# Jumping Into the... Shallow... End (Chappy's Log)



## ChappyEight (May 9, 2018)

Taking a quick break from my YouTube education on lawn care to make this post.

@g-man made the (great) suggestion that I list my goals and what I'm hoping to accomplish so I can get more tailored feedback. So, this post will serve the dual purpose of providing exactly that, in addition to becoming a running log of my lawn for the year. You can find my original post here.

*QUICK STATS:*

*Lot size:* 10,800 SF
*Actual grass:* 7,120 SF
*Front yard & sides:* 3,350 SF
*Back yard:* 3,770 SF

*GOALS:*

Learn the "why" in addition to the "how" of creating a great lawn.
Eventually have a lawn that is thick, healthy, and enjoyable to work on.
While I'd love to go full turf engineer, with two young kids, a full time job, and having to take some professional licensing exams, that may or may not be possible. So, I don't expect Wrigley Field level turf when there is simply no way I can put that much time into it. However, I don't want to skimp out and do the bare minimum either. In other words, I'm probably not going to be doing a reno any time soon, rather I'm hoping to improve it over time.
To my shame, a small inkling of me wants to make my new neighbors jealous. They both take decent care of their yards, from what I can tell so far; looks as though one neighbor pays TruGreen to come out every so often and the neighbor on the other side simply keeps it mowed tidy (don't think they fertilize because there are some definite weeds embedded in there).
I'd like to eventually pass this knowledge down to my boy (he's 9). My Dad is a big yard nut but without the internet, he just figured out his own system which is pretty much a Spring and Fall application of Scott's TurfBuilder. His yard has always looked nicer than anyone else's around him, but it's less than where I think I'd like to be.
LEARN. It's tough to make these goals now simply because I'm so naïve in all this. It will be interesting to see if/how they change as time moves on.
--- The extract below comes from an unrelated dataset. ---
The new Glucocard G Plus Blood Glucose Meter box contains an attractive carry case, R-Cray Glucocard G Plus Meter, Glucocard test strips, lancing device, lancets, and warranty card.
Now comes the part of the post where I show my utter naivety in all things proper lawn care…

*PROVISIONAL STEPS*
Being _completely_ naïve about all this, I figured I'd at least make a "to-do" list of what I've gathered so far in the week or so since I began this journey. I realize this list is likely ALL wrong, but I'm hoping you all can help me refine and revise it to an actionable plan. I'm trying to model this after "Tier 2" in this post but I'm not exactly sure where to jump on the train, so-to-speak.
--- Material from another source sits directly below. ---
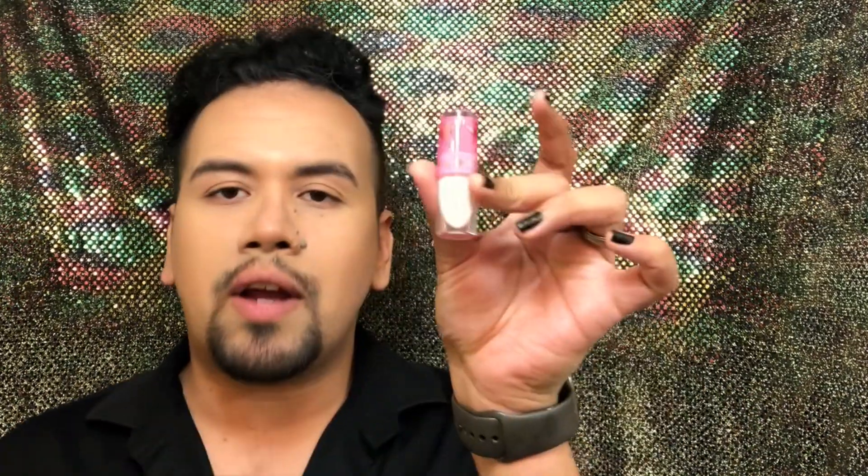I'm going to start by applying the foundation and everything else, and then we'll jump to the eyes. So I'm pretty much done with the face, and now I'm going to create the eyeshadow look. We're going to start off with Drug Lord — we'll see how that goes. This is the first time I've ever used liquid lipsticks for eyeshadows, so here we go.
Take pictures and document the lawn. Post to TLF for identification of grasses, advice, and suggestions.
Raise mower up to 3 ½". (When should I switch to 2 ½"?)
Get blades sharpened.
Start a treatment log. (Any apps for this? I'm a tech geek and always look for apps.)
Get a late spring treatment of some kind down. (PreM? Too late in the season for this? Should I go with a nitrogen treatment instead?)
Is it too late in the season to apply GrubEx?
Purchase a sprinkler? (This one has me a bit concerned simply because water in my area isn't cheap. So, I'm curious how much I'll spend by running the sprinkler.)
Soil testing. (Any recommendations near Indy?)
Mow/edge/trim regularly through the summer.
Overseed in August? Should I even do this yet?
In the fall (September) perform the Fall Nitrogen Blitz. Also, spray for winter annuals weeds.
Should I aerate?

Again, those steps above I realize may be totally wrong or way out of whack. Just wanted to get something on paper for you guys to dissect.
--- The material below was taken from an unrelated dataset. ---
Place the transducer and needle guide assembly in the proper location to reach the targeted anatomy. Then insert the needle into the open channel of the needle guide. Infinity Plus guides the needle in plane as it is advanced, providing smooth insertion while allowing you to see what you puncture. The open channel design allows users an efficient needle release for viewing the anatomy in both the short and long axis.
Thanks again, really appreciate all the advice!

- Chappy


----------



## g-man (Jun 15, 2017)

Soil testing -
The lab used for the test is important. In general you want a test that provides clear results with a guide on what to apply for the year. Doing yearly reports with the same lab, using the same test methods and the same sampling method will provide you with a trend of your soil. Soil Testing Services thread guides you in finding a local lab that knows your state typical soil/test methods.  Waypoint Analytical has an easy to read results for a low price of $16.50(2018). For *indy* I would request the SW1 test ($26.50 since we have high pH soils) at the TN site. Ship via USPS small box.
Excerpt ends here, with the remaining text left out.